A. Temyiz Yoluna Başvuranlar

Bölge Adliye Mahkemesinin yukarıda belirtilen kararına karşı süresi içinde davalı vekili temyiz isteminde bulunmuştur.

B. Temyiz Sebepleri

Davalı vekili temyiz dilekçesinde özetle; istinaf dilekçesinde ileri sürdüğü sebepleri tekrar ederek ve resen dikkate alınacak nedenlerle Bölge Adliye Mahkemesi kararının bozulmasını talep etmiştir.

C. Gerekçe

1. Uyuşmazlık ve Hukuki Nitelendirme

Uyuşmazlık, müdahalenin önlenmesi ve eski hale getirilmesi istemine ilişkindir.

2. İlgili Hukuk

1. 6100 sayılı Hukuk Muhakemeleri Kanunu'nun (6100 sayılı Kanun) 369 uncu maddesinin birinci fıkrası ile 370 ve 371 inci maddeleri.

2. 634 sayılı Kanun'un 19 uncu ve 33 üncü maddeleri.

3. Değerlendirme

1. Bölge adliye mahkemelerinin nihai kararlarının bozulması 6100 sayılı Kanun'un 371 inci maddesinde yer alan sebeplerden birinin varlığı hâlinde mümkündür.

2. 634 sayılı Kanun'un 19 uncu maddesinin ikinci fıkrası gereğince kat maliklerinden biri bütün kat maliklerinin beşte dördünün yazılı rızası olmadıkça ana taşınmazın ortak yerlerinden inşaat, onarım ve tesisler yaptıramaz.

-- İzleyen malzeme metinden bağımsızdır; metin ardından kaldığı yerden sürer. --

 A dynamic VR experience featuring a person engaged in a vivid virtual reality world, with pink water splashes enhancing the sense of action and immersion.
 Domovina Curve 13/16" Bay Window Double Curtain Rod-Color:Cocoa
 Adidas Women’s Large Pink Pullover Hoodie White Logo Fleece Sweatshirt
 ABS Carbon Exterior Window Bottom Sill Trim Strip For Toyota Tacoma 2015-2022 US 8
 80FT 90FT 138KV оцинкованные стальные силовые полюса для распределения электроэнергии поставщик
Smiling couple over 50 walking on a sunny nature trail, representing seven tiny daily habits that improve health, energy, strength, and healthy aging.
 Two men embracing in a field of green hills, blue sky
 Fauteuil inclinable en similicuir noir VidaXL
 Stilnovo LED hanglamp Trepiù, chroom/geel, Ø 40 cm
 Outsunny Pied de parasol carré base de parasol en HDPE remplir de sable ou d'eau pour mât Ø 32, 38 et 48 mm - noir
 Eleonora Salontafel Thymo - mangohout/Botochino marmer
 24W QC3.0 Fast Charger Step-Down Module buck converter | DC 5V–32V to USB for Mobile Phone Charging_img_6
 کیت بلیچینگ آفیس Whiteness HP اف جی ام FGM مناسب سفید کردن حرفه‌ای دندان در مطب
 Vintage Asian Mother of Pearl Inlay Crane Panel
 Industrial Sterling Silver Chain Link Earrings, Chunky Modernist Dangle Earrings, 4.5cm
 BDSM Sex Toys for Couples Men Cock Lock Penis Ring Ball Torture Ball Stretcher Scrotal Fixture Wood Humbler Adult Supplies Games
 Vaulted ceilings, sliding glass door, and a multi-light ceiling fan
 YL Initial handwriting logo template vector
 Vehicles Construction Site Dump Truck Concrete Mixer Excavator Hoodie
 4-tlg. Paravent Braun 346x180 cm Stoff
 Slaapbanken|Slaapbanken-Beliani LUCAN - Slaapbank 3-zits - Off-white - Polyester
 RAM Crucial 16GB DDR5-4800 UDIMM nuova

3. Mahkemece öncelikle 01.07.2014 tarihli muvafakatnamenin niteliği değerlendirilmelidir. Sonrasında 01.07.2014 tarihli muvafakatnamenin verildiği tarihi itibarıyla tüm kat maliklerini gösterir tapu kayıtları getirilerek kat maliklerinin 4/5'inin muvafakatının bulunup bulunmadığı denetlenip, bulunduğunun anlaşılması halinde Mahkemece eski hâle getirilmesi istenen imalatların muvafakatnamenin verildiği tarih itibarıyla yapılıp yapılmadığı ayrıca yapılan imalatların muvafakatname kapsamında olup olmadığı araştırılarak sonucuna göre hüküm kurulması gerekirken yazılı şekilde karar verilmesi doğru görülmemiştir.

VI. KARAR

Açıklanan sebeplerle;

1. Davalı vekilinin temyiz itirazlarının kabulü ile temyiz olunan, İlk Derece Mahkemesi kararına karşı istinaf başvurusunun esastan reddine ilişkin Bölge Adliye Mahkemesi kararının ORTADAN KALDIRILMASINA,

2. İlk Derece Mahkemesi kararının BOZULMASINA,

Davalı kendisini vekil ile temsil ettirdiğinden, 03.10.2024 tarihinde yürürlüğe giren Avukatlık Asgari Ücret Tarifesi gereğince belirlenen 28.000,00 TL duruşma vekâlet ücretinin davacıdan alınarak davalıya ödenmesine,

Davalıdan peşin alınan temyiz harcının istek hâlinde iadesine,

Dosyanın İlk Derece Mahkemesine, kararın bir örneğinin Bölge Adliye Mahkemesine gönderilmesine,

21.01.2025 tarihinde oy birliğiyle karar verildi.